次は9月29日に播種した畝全体と、そのなかで特に大きく育っている株です。播種からわずか28日。素晴らしいスピードです。断言はできませんが、おそらく肥料栽培のスピードを超えているのではないかと思われます。そして、これがHalu農法の標準形になる、というのがきょうのテーマ「共生微生物の威力」です。
9292929
この写真を見たとき、「この場所だけ養分があったんじゃないか」という反応がありそうですね。私も数年前まではそう思ったでしょう。いまでは、共生微生物の働きによるものだとしか表現しようがありません。

土壌改良の途中では、こんな感じで、生育状況がデコボコします。そして、野菜を作付するほどに、共生微生物(私は創造型微生物群と呼んでいます)が繁殖し、写真のような超スピードで成長する姿が全体に広がっていきます。そのことは、2012年から2013年のミズナの連作栽培で経験済みです。

どういう試練なのか、野菜ができ始めると返却を迫られて、ミズナやスイカができた畑は、すべて地主さんに返却しました。今年、これまでまともに野菜ができたことのない畑だけが残りました。きっと、それで良かったのです。難しい条件を克服してこその技術。この畑で野菜ができなければ、「特許農法」もへったくれもありません。

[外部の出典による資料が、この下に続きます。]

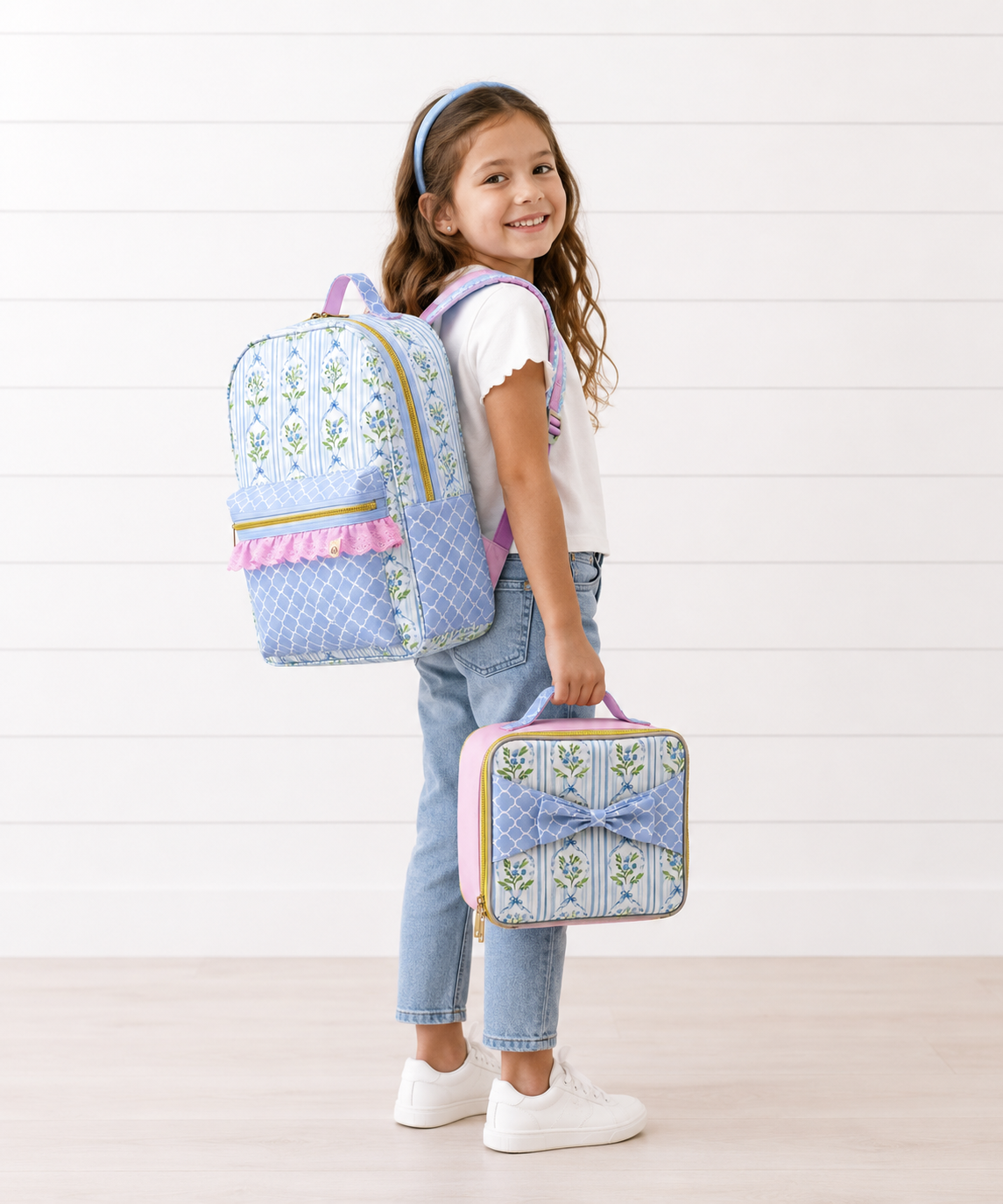 Bree Backpack - Forget Me Not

実際のところ、土壌改良するためのノウハウが積み上がったので、ついにこの畑でも野菜ができるようになりました。改良の進行具合を表現すると、耕作放棄地で今のノウハウを使って改良を始めたとして、ちょうど2年目にあたる感じででしょうか。

つまり、かなり条件の悪い土地でも、2年目から野菜は収穫できるようになる、ということです。共生微生物は、どんどん増えますから、来年からは、本当に楽に野菜が育ってくれるようになるでしょう。こうなると、畑は面白くてしようがありません。

2015年10月19日 (月)

とても気持ちの良い畑です

21少し時間が開いてしまいましたが、畑の様子を報告いたします。まず、9月6日に種まきしたダイコンですが、あまり葉の成長が進んでいないように見えて、根のほうはたくましく太ってきています(44日目)。共生微生物との連携が良いのでしょうか。このまま葉もちゃんと成長するはずですから、どれだけ大きなダイコンになってくれるのかワクワクしてきました。

Photo3種は時間をずらして播いてありますが、あとから播いたほうも順調に育っています。ただ、畝によって成長のスピードがかなり違っていて、場所によっては、最初に播いたダイコンに追いつきそうなところもあります。

ダイコンと混植したミズナも順調そのもの。初めに播いた種が発芽しなかったので焦りましたが、結局のところ、伸び伸び育ってくれています。まもなくベビーリーフとして出荷できそうな感じのところもあります。食べてみると、この時期にしては珍しく甘みがあります(いつもは霜が降りるころに甘みが出てきます)。

といっても、今年はダイコンの収穫・出荷がメインです。ダイコンは抜いてしまうと畑に何も残らないので、ミズナを残して、共生微生物を増やし続ける計画です。もちろん、少しはミズナも出荷したいところです。

ほかの野菜(コマツナ、ハクサイ、ブロッコリー)などは、少量ですがいずれも順調です。キャベツだけは、思ったほど大きくなっていません。それとも、そんなものなのでしょうか。作付が初めてなので、成長具合をよく観察しようと思います。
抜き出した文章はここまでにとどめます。